Dem Mutterschutzgesetz zufolge müssen Arbeitgeber für alle Arbeitsplätze im Unternehmen eine allgemeine Gefährdungsbeurteilung erstellen (§ 10 MuSchG). Im Falle der Bekanntgabe einer Schwangerschaft, hat eine individuelle Gefährdungsbeurteilung zu folgen. Die genaue Rangfolge der vom Mutterschutzgesetz vorgesehenen Schutzmaßnahmen entspricht dabei diesem Prinzip: Zunächst sind die Substitution (zum Beispiel gefährlicher Stoffe) und technische Lösungen (zum Beispiel Belüftungssysteme, geschlossene Narkosesysteme et cetera) anzugehen, bevor organisatorische Maßnahmen (zum Beispiel Änderung des OP-Plans et cetera) und schließlich personenbezogene Maßnahmen (Unterstützung bei körperlich schweren Tätigkeiten, persönliche Schutzausrüstung) ergriffen werden dürfen.
Betroffene Ärztinnen sind aktiv zu beteiligen
Nur als Ultima Ratio, wenn die genannten Schutzmaßnahmen oder das Umsetzen an einen geeigneten Arbeitsplatz nicht möglich sind, darf ein Beschäftigungsverbot in Betracht gezogen werden (§ 13 MuSchG). Die betroffene Ärztin ist dabei aktiv zu beteiligen. Zudem genießt die Schwangere ab dem Beginn der Schwangerschaft besonderen Kündigungsschutz (§ 17 MuSchG) und ist vor Benachteiligung durch das Allgemeine Gleichbehandlungsgesetz geschützt (AGG, § 7 Abs. 1).

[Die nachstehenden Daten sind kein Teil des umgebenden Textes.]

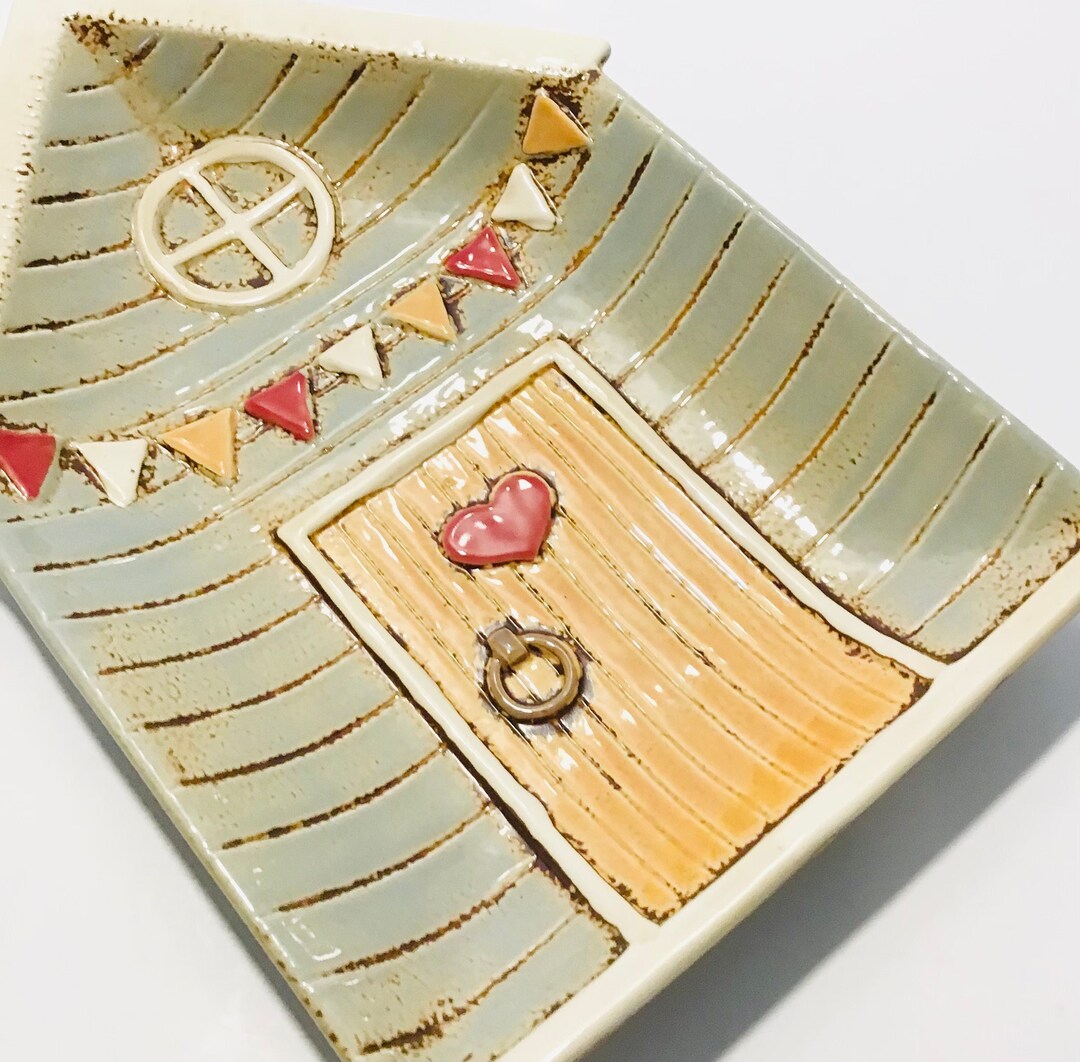 Snack Dish Porcelain Ceramic Serving Tray Appetizer Snack Dish Beach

Dieses Diskriminierungsverbot sollte bei der Entscheidung über die konkrete Schutzmaßnahme beachtet werden. Denn Ärztinnen werden oft vorschnell aus dem OP-Plan genommen und zum „Briefe-Schreiben“ abgestellt. Gerade während der Weiterbildung liegt bei einer solchen Versetzung eine Diskriminierung aufgrund des Geschlechts nahe. Der Teufel steckt jedoch, wie so oft, im Detail. Wann konkret eine Gefährdung noch akzeptabel und wann welche Maßnahme oder gar ein Beschäftigungsverbot erforderlich ist, ist im Gesetz nicht geregelt. Im Zweifel wird die Weiterarbeit aufgrund überkommener Routinen und Unsicherheiten oft untersagt.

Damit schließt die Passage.